* Data for processing *
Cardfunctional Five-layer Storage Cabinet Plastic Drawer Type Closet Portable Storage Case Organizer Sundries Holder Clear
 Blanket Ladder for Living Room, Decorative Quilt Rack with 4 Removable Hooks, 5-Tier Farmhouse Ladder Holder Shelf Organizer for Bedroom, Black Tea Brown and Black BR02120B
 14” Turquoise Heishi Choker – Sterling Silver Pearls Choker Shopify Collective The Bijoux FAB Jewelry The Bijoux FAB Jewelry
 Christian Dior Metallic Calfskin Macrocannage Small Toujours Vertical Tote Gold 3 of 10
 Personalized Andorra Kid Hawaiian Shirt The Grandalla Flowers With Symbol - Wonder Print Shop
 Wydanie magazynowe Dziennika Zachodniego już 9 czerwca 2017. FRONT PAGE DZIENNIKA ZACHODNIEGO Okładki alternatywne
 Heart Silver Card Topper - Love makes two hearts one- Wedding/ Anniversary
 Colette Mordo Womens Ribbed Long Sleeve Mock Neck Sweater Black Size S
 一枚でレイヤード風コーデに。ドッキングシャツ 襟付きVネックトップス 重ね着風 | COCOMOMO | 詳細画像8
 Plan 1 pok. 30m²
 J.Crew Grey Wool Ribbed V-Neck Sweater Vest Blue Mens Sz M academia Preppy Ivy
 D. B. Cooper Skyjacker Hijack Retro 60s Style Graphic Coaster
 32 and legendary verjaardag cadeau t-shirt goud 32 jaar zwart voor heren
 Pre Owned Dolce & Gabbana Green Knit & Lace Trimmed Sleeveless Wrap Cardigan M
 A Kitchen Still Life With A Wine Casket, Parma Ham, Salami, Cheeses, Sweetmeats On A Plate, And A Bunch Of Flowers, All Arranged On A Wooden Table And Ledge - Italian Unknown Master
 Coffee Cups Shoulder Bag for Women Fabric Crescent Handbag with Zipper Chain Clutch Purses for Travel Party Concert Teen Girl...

* Task instructions *
Give again exactly, and only, the lines above starting at the one with "D. B. Cooper" and ending at the one with "Pre Owned Dolce".

* Your response *
 D. B. Cooper Skyjacker Hijack Retro 60s Style Graphic Coaster
 32 and legendary verjaardag cadeau t-shirt goud 32 jaar zwart voor heren
 Pre Owned Dolce & Gabbana Green Knit & Lace Trimmed Sleeveless Wrap Cardigan M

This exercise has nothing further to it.